┌─ INPUT RECORDS
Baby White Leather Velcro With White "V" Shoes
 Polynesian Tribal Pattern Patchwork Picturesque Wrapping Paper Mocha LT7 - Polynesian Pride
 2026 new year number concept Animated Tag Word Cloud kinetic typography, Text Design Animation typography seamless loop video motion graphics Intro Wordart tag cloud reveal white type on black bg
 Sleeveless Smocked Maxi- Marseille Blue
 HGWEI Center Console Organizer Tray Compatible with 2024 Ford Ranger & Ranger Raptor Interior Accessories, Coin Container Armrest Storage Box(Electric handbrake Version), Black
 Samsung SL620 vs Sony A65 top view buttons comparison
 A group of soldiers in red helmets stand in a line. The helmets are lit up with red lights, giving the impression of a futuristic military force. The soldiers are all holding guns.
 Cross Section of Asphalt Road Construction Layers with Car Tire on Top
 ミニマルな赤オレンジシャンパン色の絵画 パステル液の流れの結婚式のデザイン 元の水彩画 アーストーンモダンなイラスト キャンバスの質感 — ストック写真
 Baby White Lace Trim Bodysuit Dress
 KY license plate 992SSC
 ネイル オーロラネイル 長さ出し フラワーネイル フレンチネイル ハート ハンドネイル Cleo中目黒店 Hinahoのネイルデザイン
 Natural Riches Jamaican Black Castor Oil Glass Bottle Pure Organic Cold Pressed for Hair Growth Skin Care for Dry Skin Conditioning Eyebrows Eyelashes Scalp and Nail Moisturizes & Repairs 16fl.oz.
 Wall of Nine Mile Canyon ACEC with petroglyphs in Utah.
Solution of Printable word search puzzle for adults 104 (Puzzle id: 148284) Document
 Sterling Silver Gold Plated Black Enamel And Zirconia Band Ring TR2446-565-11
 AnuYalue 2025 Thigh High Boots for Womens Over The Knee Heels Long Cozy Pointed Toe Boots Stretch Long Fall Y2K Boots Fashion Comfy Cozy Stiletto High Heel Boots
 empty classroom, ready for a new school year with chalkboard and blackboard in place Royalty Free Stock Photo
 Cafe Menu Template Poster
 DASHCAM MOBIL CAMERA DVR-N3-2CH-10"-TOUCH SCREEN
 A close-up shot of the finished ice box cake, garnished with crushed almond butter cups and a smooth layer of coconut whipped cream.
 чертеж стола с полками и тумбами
└─
> [WORK TASK]: Give the number of lines in the entries that hold the string "Baby", and add nothing else.

> [RESPONSE AREA]: 2